Life was good in a simple and carefree, ‘sandrat,’ beachcomber kind of way.
The house was part of an estate. It had been mostly unoccupied for a decade and poorly maintained longer than that – a recipe for problems in a saltwater environment. We’d seen the house only briefly, six months ago on a visit when we found that it was available. The utility of the house itself was questionable. It needed to be completely rewired. Badly deteriorated insulation hung from heavily corroded lines leading to the nearest power pole. The coolers had been corroded beyond usability by the salt air. There were leaks in the carport’s concrete roof and large chunks of plaster had fallen to the floor. And there were serious structural problems with most of the concrete columns and beams along the sea porch. But the estate would sell it for the price of the land. It seemed like just our kind of place, and we called the lawyer from a pay phone on the street.
We knew the house was only marginally livable when we bought it, so we tried to arrive as prepared as possible. We’d figure the rest out after we got there. We carted the cooler and the camp stove into the house, Carolyn dug out the candles we’d bought in Hermosillo, and we set up housekeeping. We’d be ‘camping out’ inside until we got reconnected to the power grid.

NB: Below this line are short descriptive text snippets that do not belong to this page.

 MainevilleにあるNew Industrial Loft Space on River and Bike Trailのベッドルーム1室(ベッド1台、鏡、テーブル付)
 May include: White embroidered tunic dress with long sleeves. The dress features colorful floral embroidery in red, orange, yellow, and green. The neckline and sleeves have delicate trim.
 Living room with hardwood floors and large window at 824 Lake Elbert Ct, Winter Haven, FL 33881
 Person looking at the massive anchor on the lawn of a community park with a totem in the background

Since we’re not wealthy enough to afford another house (or two, or three) elsewhere, this would be our only home (not counting an REI puptent we keep in our old van). To our eyes, this simple, neglected concrete house was the essence of beauty. The toilet flushed, more or less, and the roof didn’t leak all that much, so we weren’t really roughing out – in the strictest sense of the phrase. And being right on the beach at an affordable price didn’t hurt, either. We’d happily make do with what we had. This next adventure in our lives would be a ‘romantic interlude.’ It’s amazing what you’ll put up with if you just phase it right.
There was much to do. Our days were soon filled with activity: arranging for Victor the electrician to work us into his very busy schedule (can you find the fingernail moon in this picture?), for Gordo the welder to fix the ‘reja’ (the large rolling front gate), for Fernando the door man to get our old, corroded sliding glass doors to work and to repair our screens to keep some of the bugs out. We’d sort out the water heater later, but it wasn’t an issue in the heat of summer.

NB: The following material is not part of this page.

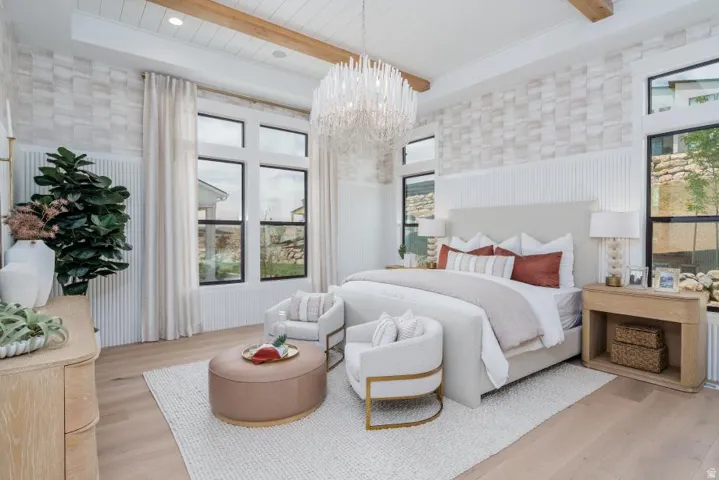 Bright, light-filled primary bedroom featuring exposed wood ceiling beams, white subway tile accent walls, and large multi-pane windows with operable shutters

Eventually we got the house in livable order. Victor installed a higher quality copper supply line and untangled the other wires leading to our house. To our surprise, the very old Admiral refrigerator worked just fine, and so did the old Frigidaire electric stove. And now we even had lights at night (instead of candles), and fans to help move the hot air around a bit. Gordo, an impish grin upon his face, got the reja working. And Fernando made the doors glide as they had when they were new.
We reveled in the luxury of simple gifts.

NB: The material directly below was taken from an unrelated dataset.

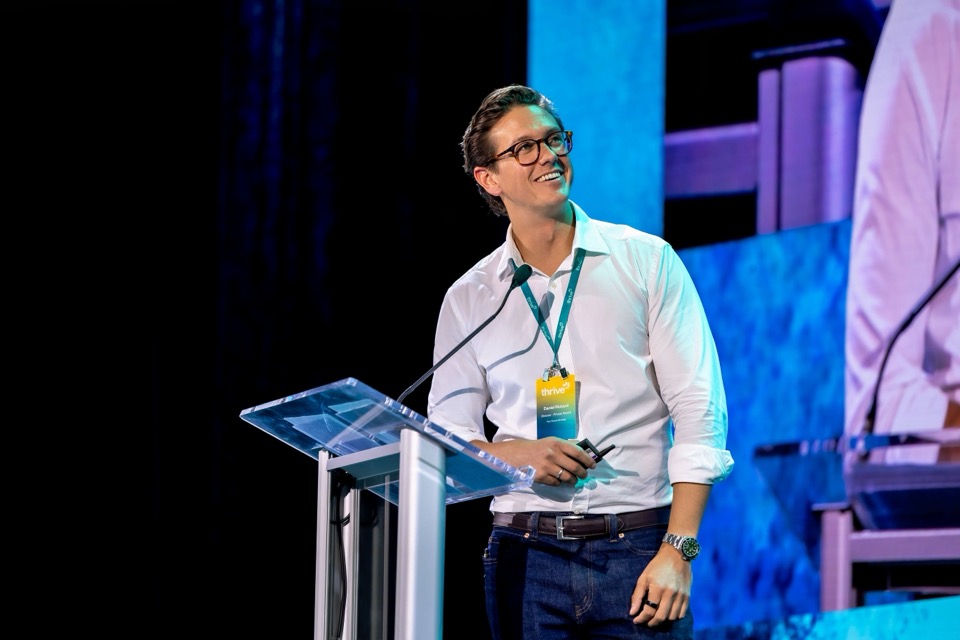 Daniel Rickard speaking with an audience member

Now we had a little time to relax, except for long days spent drawing plans to incorporate our latest ideas for remodeling the house – an ongoing process that will continue until concrete is poured for the new footings.
It was time to attend the annual gathering of the “Summer Survivors.” Most of the ‘gringo’ community (maybe the sensible contingent) leaves Kino by June to escape the building heat. The hard core holdouts have a party to make light of the blistering heat of the coming summer – kind of like whistling past the graveyard.
The local Mexican community, by contrast, heads for the beach in large numbers starting with the Easter weekend, one of the biggest holidays of the year. They look forward to summer at the beach to cool off from the heat of Hermosillo, Nogales, and other inland towns. The shore is dotted with encampments, and whole families spend the entire day in the water, followed by laughing and singing around a campfire late into the evening.
The local joke goes like this:
“Where are you staying at the beach this weekend?”
“At the Hotel ‘Camarena (Hotel ‘Sandbed’)!’”
We were there only for the beginning of the summer season, then it was time to leave on a 12,000 mile odyssey across most of the eastern US and up into Canada.